Как Ленин был грибом (то есть симуляцией гриба), так Курехин был симуляцией Курехина, первым человеком-метасимулятором.
— Курехин активно оккупировал медийные плоскости, будь то ТВ, радио или пресса. В последние годы своей жизни он активно интересовался только зарождающимся в нашей стране интернетом. Давайте опять в симулятор поиграем. Как бы вы транспонировали стратегию Курехина на интернет-пространство? Как в эпоху социальных сетей можно реализовать метод Курехина?
— В 1996 году, когда интернет еще только начинал широко распространяться, Курехин сказал про него в радиопередаче «Ночной полет», что это пространство, где нет границы между истиной и ложью, где Бог плавно переходит в дьявола и наоборот. Это пространство симуляции, в котором мы живем сегодня, и это, безусловно, его стихия. Но в этом новом пространстве симулирование паразита уже не работает, поскольку все в каком-то смысле являются медийными паразитами друг для друга — все копипейстят, репостят, ретвитят. Здесь нужно было бы изобретать что-то новое.
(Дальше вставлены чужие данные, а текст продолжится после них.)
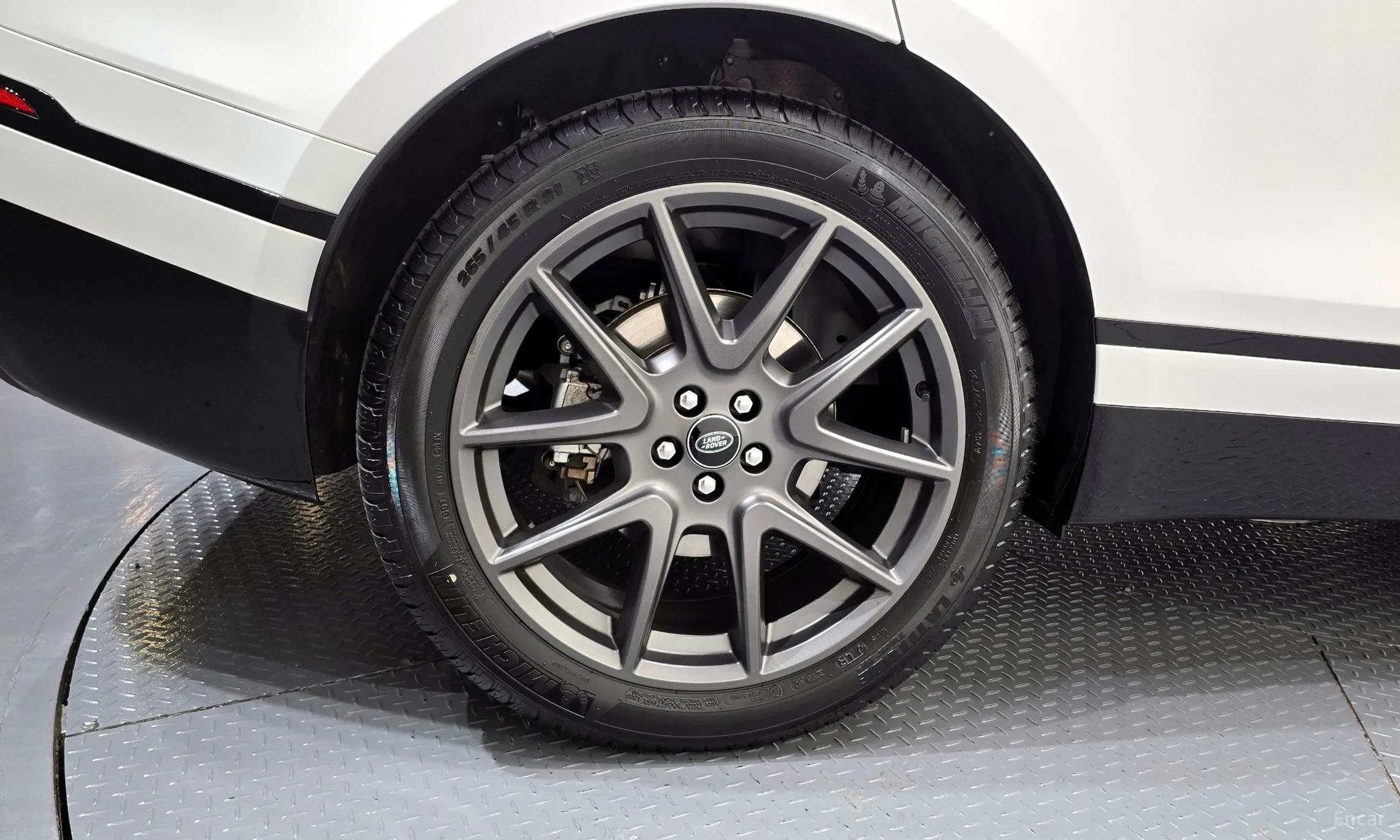 Land Rover Range Rover Bella превью 5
Когда я начал разбираться, что осталось от Курехина, — чтобы «реконструировать» его дальнейшие ходы, — оказалось, что этого не так уж и много. Но потом я понял: главное, что оставил после себя Курехин, — это симулятор самого себя: не в том смысле, что мы можем симулировать его мышление (так можно сказать про любого сильного автора), а в том смысле, что теперь у нас есть свобода симуляции чего угодно. Или как минимум возможность осознания этой свободы. Как Ленин был грибом (то есть симуляцией гриба), так Курехин был симуляцией Курехина, первым человеком-метасимулятором. Предполагаю, это и было бы его стратегией в цифровом мире, которая сменила бы паразитирование на «старых медиа». Он обращался бы сегодня к инструментам, позволяющим симулировать различные реальности и обеспечивающим переходы от одной к другой (типа ARG — «игр в альтернативной реальности»). Все его грибы, топоры, сапропели (музыканты, ученые, шпионы...) и так уже существовали на границе реальностей, а интернет и цифровые медиа предоставили бы для этих гибридов работающую инфраструктуру.
Лично меня эта игра в симулятор Курехина (во всех смыслах) привела в итоге к изобретению Метарóссии — симулируемой России после России, пространства немыслимой свободы, которое населяют метарусские. Если вернуться к началу нашего разговора, это также и пространство немыслимой литературной свободы: например, в симуляторе Метарóссии я могу сделать текстовую лазейку в симулятор Курехина и туда же включить наше с вами интервью. Различные платформы, протоколы, форматы создают в цифровом мире перегородки, но с точки зрения электронной литературы этих перегородок не существует, поскольку все они могут быть симулированы в тексте. Метасимуляторы — это настоящие литературные машины освобождения. Все это, конечно, нуждается в более серьезном обдумывании и обсуждении, для чего я планирую в обозримом будущем организовать международную научную конференцию под названием «Актуальные проблемы симуляции Курехина».